Re: [PATCH] RISC-V: Allow drivers to provide custom read_cycles64 for M-mode kernel
From: Anup Patel
Date: Fri Sep 04 2020 - 23:54:18 EST
On Sat, Sep 5, 2020 at 6:47 AM Palmer Dabbelt <palmerdabbelt@xxxxxxxxxx> wrote:
>
> On Fri, 04 Sep 2020 09:57:09 PDT (-0700), Christoph Hellwig wrote:
> > On Fri, Sep 04, 2020 at 10:13:18PM +0530, Anup Patel wrote:
> >> I respectfully disagree. IMHO, the previous code made the RISC-V
> >> timer driver convoluted (both SBI call and CLINT in one place) and
> >> mandated CLINT for NoMMU kernel. In fact, RISC-V spec does not
> >> mandate CLINT or PLIC. The RISC-V SOC vendors are free to
> >> implement their own timer device, IPI device and interrupt controller.
> >
> > Yes, exactly what we need is everyone coming up with another stupid
> > non-standard timer and irq driver.
>
> Well, we don't have a standard one so there's really no way around people
> coming up with their own. It doesn't seem reasonable to just say "SiFive's
> driver landed first, so we will accept no other timer drivers for RISC-V
> systems".
I share the same views here.
In ARM 32bit world (arch/arm/), we have the same problem with no standard
timer device, IPI device, and interrupt controller. The ARM GICv2/GICv3 and
ARM Generic Timers were standardized very late in the ARM world so by that
time we had lots of custom timers and interrupt controllers. All these ARM
timer and interrupt controller drivers are now part of drivers/clocksource and
drivers/irqchip.
The ARM 32bit world has following indirections available to drivers:
1. set_smp_cross_call() in asm/smp.h for IPI injection
(We have riscv_set_ipi_ops() in asm/smp.h)

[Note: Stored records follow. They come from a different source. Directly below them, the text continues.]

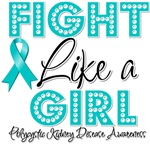 PKD Fight Like a Girl Shirts PKD Fight Like a Girl Shirts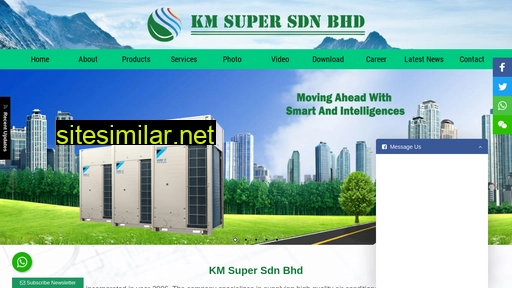 kmsuper.com.my alternative sites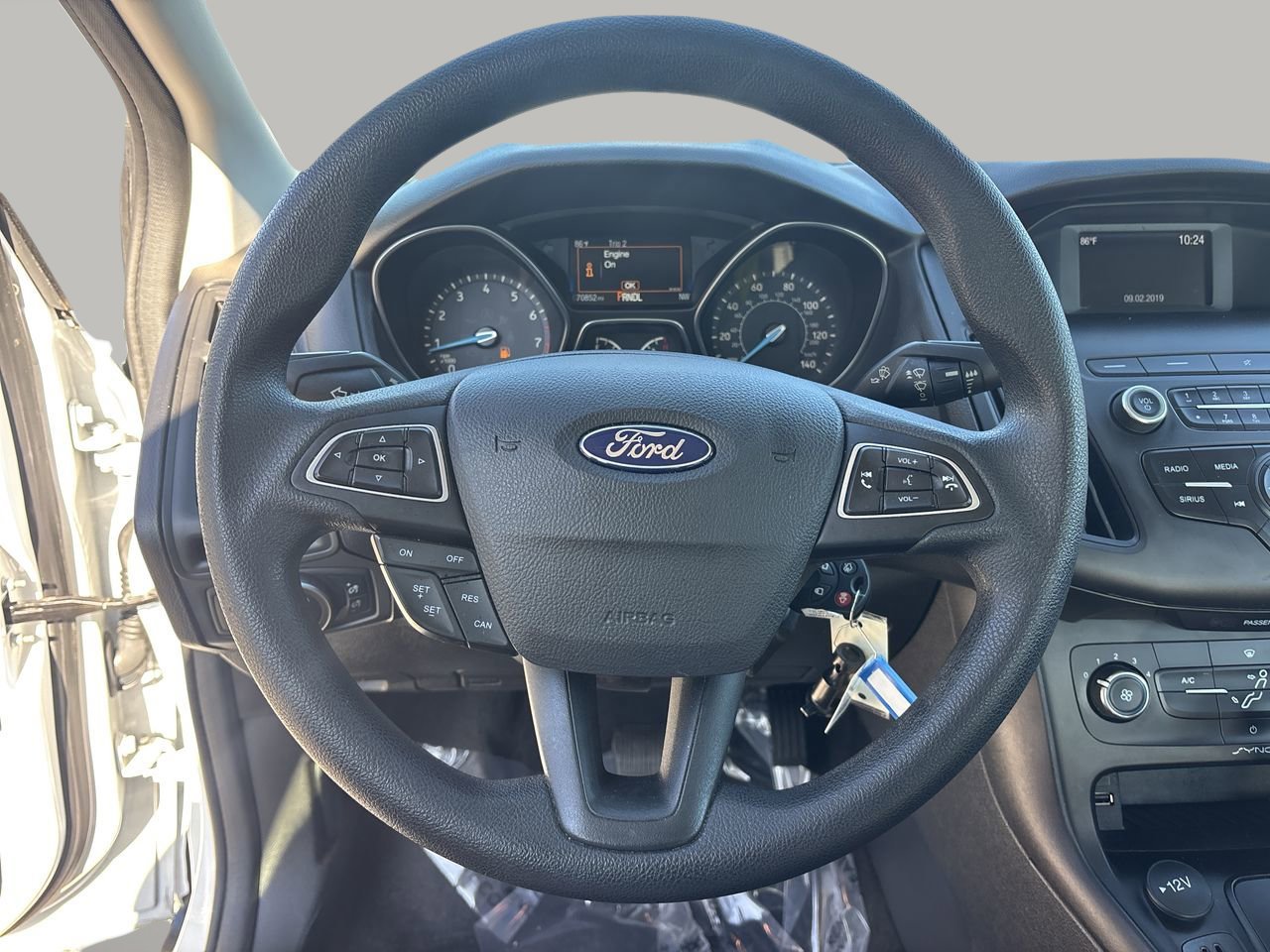Used 2018 Ford Focus SE image 27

2. register_current_timer_delay() in asm/delay.h
(My patch is proposing riscv_set_read_cycles64() in asm/timex.h)
For RISC-V S-mode (MMU) kernel, we are using SBI calls for IPIs and
"TIME CSR + SBI calls" (i.e. RISC-V timer) as timer device which simplifies
things for regular S-mode kernel.
For RISC-V M-mode (NoMMU) kernel, we don't have any SBI provider
so we end-up having separate drivers for timer device, and IPI device
which is similar to ARM 32bit world.
>
> > But the point is this crap came in after -rc1, and it adds totally
> > pointless indirect calls to the IPI path, and with your "fix" also
> > to get_cycles which all have exactly one implementation for MMU or
> > NOMMU kernels.
> >
> > So the only sensible thing is to revert all this crap. And if at some
> > point we actually have to deal with different implementations do it
> > with alternatives or static_branch infrastructure so that we don't
> > pay the price for indirect calls in the super hot path.
>
> I'm OK reverting the dynamic stuff, as I can buy it needs more time to bake,
> but I'm not sure performance is the right argument -- while this is adding an
> indirection, decoupling MMU/NOMMU from the timer driver is the first step
> towards getting rid of the traps which are a way bigger performance issue than
> the indirection (not to mention the issue of relying on instructions that don't
> technically exist in the ISA we're relying on any more).
>
> I'm not really convinced the timers are on such a hot path that an extra load
> is that bad, but I don't have that much experience with this stuff so you may
> be right. I'd prefer to keep the driver separate, though, and just bring back
> the direct CLINT implementation in timex.h -- we've only got one implementation
> for now anyway, so it doesn't seem that bad to just inline it (and I suppose I
> could buy that the ISA says this register has to behave this way, though I
> don't think that's all that strong of an argument).
>
> I'm not convinced this is a big performance hit for IPIs either, but we could
> just do the same thing over there -- though I guess I'd be much less convinced
> about any arguments as to the ISA having a say in that as IIRC it's a lot more
> hands off.
>
> Something like this seems to fix the rdtime issue without any extra overhead,
> but I haven't tested it
I had initially thought about directly doing MMIO in asm/timex.h.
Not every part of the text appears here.